JCCNetwork.id- Kejaksaan Agung (Kejagung) mengintensifkan penyelidikan terkait dugaan suap yang melibatkan tiga hakim Pengadilan Negeri Surabaya yang memvonis bebas terdakwa kasus pembunuhan, Gregorius Ronald Tannur. Tindakan suap ini diduga diatur oleh pengacara terdakwa, Lisa Rachmat (LR), yang kini menjadi salah satu tersangka dalam kasus ini. Penyidik fokus pada penelusuran asal dana yang digunakan untuk memuluskan pembebasan Ronald.
“Nah kemudian dengan LR ini akan didalami bagaimana sumber dananya, tentu apakah ini merupakan dana yang disiapkan oleh yang bersangkutan. Tentu ini pertanyaan besarnya juga, lalu dananya dari siapa,” kata Kapuspenkum Kejagung Harli Siregar kepada wartawan, Senin, 28 Oktober 2024.
Dalam kasus ini, Lisa bersama tiga hakim yang terlibat, yaitu Eriantuah Damanik, Mangapul, dan Heru Hanindyo, telah resmi ditetapkan sebagai tersangka dalam tindak pidana korupsi berupa suap dan gratifikasi. Kejagung menduga bahwa tindakan suap ini melibatkan lebih dari sekadar hubungan pengacara dan hakim, mengingat besarnya dana yang digunakan.
“Nah nanti itu yang saya sebutkan penyidik akan mendalami bagaimana peran dari pihak-pihak terkait dengan peristiwa ini. Misalnya apakah LR dalam menyediakan uang terhadap tiga hakim ini, dari mana sumbernya? Nah ini kan akan terus didalami,” ungkap Harli.
Harli menduga uang suap tersebut bukan dari kocek pribadi Lisa. Bila menggunakan logika awam, kata Harli, uang tersebut dari pihak yang berkaitan dengan perkara.
“Siapa yang berkaitan dengan perkara? Nah, semua itu nanti dari keterangan-keterangan yang akan didapatkan oleh penyidik akan terus dilakukan klarifikasi,” ujar mantan Kepala Kejaksaan Tinggi (Kajati) Papua Barat itu.
Penyidik Kejagung melakukan serangkaian penggeledahan pada Rabu, 23 Oktober 2024, di tempat tinggal ketiga hakim di Surabaya, Jawa Timur, dan Semarang, Jawa Tengah, serta rumah Lisa di Jakarta Pusat. Dari penggeledahan tersebut, Kejagung menyita sejumlah uang tunai baik dalam bentuk rupiah maupun mata uang asing dengan nilai total mencapai Rp20.389.371.067.
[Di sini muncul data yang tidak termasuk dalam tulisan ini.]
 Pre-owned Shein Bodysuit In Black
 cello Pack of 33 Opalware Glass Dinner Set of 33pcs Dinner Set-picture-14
Selain itu, Kejagung juga mengamankan dokumen-dokumen yang diduga berkaitan dengan aliran dana suap. Penyidik berencana melakukan penelusuran lebih lanjut terhadap catatan keuangan Lisa untuk mengidentifikasi pihak lain yang mungkin terlibat dalam pendanaan suap ini.
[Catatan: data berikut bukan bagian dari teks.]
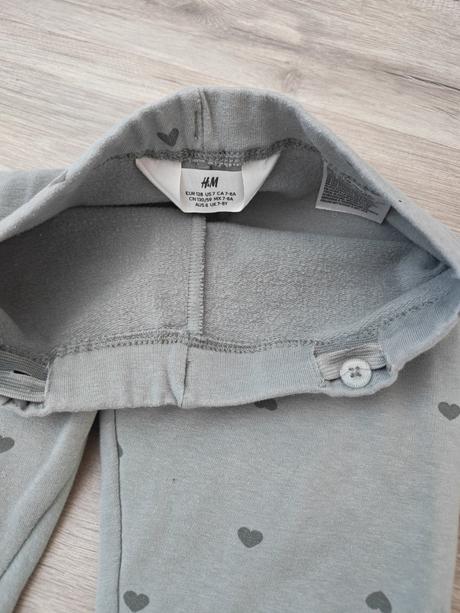 Dievčenské legíny - zateplené, h&m,128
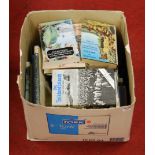 A box of miscellaneous books, to include Ian J. Strange's The Falkland Islands, S. Smythe's A Camera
Kejagung juga mengungkap adanya aliran dana suap dari Lisa kepada mantan pejabat Mahkamah Agung (MA), Zarof Ricar, dengan tujuan memperkuat putusan kasasi yang mendukung pembebasan Ronald Tannur. Zarof, yang kini juga berstatus tersangka, disebut menerima Rp1 miliar sebagai bagian dari “biaya makelar” dalam kasus ini. Rencananya, uang tersebut akan dialirkan kepada tiga hakim agung berinisial S, A, dan S dengan total Rp5 miliar, namun proses tersebut tertunda lantaran Zarof keburu ditangkap Kejagung.
“Sesuai catatan LR yang diberikan kepada ZR, (Rp5 miliar itu) untuk hakim agung atas nama S, A, dan S lagi, yang menangani perkara kasasi Ronald Tannur. Namun, ZR tidak mau menerima uang rupiah tersebut lantaran jumlahnya banyak. ZR menyarankan uang rupiah tersebut ditukar dengan mata uang asing di salah satu money changer kawasan Blok M, Jakarta Selatan,” kata Direktur Penyidikan Jaksa Agung Muda Pidana Khusus, Abdul Qohar, saat konferensi pers, Jumat, 25 Oktober 2024.
Kasus ini bermula ketika Pengadilan Negeri Surabaya memvonis bebas Ronald Tannur dalam perkara pembunuhan terhadap kekasihnya, Dini Sera Afriyanti, 29 tahun. Putusan tersebut mengundang sorotan publik hingga akhirnya dikoreksi oleh Mahkamah Agung yang memutuskan hukuman lima tahun penjara bagi Ronald di tingkat kasasi. Meski jauh di bawah tuntutan jaksa, Ronald telah dieksekusi dan dijebloskan ke penjara untuk menjalani hukuman atas perbuatannya.
Penyelidikan Kejagung terhadap kasus suap ini diharapkan bisa membuka tabir baru atas praktik mafia peradilan di Indonesia dan menyeret seluruh pihak yang terlibat ke hadapan hukum.